Work order: Reproduce exactly, and only, the lines below from the one containing "Box Pokemon: Megaevoluzione – Caos Nascente Box" through the one containing "Just Another Fisherman TRANSOM OVER SHIRT - SAND 14".

Records to use:
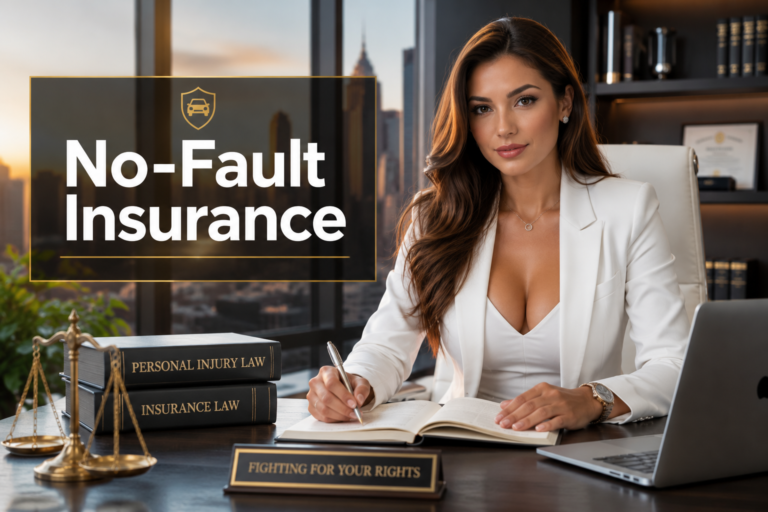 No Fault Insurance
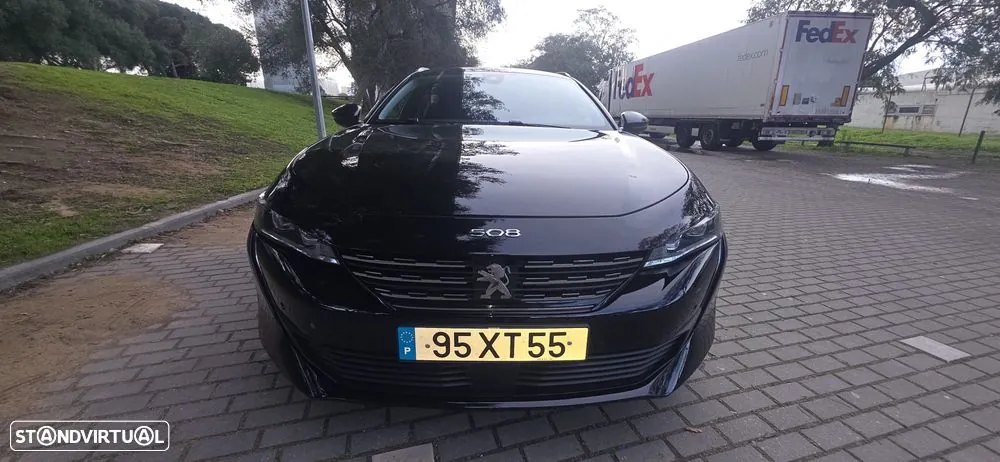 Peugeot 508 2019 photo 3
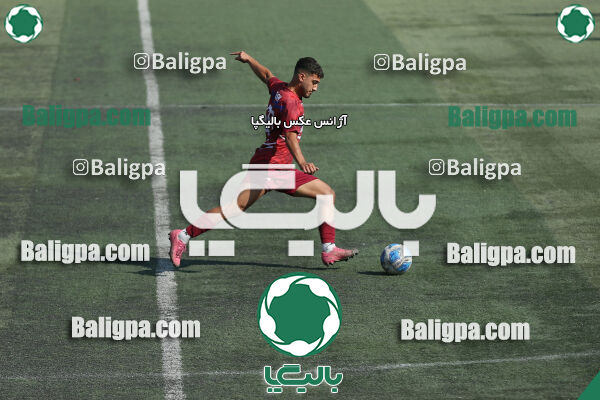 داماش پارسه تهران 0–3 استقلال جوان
==
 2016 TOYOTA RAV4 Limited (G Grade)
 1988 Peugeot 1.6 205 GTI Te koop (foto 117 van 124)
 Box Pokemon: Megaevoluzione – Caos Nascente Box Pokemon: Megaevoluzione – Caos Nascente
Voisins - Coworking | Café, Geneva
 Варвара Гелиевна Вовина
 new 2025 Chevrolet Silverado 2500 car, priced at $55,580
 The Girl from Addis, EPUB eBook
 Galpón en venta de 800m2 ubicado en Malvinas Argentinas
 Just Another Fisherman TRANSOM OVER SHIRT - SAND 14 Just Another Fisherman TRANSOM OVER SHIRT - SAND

Exercise result:
 Box Pokemon: Megaevoluzione – Caos Nascente Box Pokemon: Megaevoluzione – Caos Nascente
Voisins - Coworking | Café, Geneva
 Варвара Гелиевна Вовина
 new 2025 Chevrolet Silverado 2500 car, priced at $55,580
 The Girl from Addis, EPUB eBook
 Galpón en venta de 800m2 ubicado en Malvinas Argentinas
 Just Another Fisherman TRANSOM OVER SHIRT - SAND 14 Just Another Fisherman TRANSOM OVER SHIRT - SAND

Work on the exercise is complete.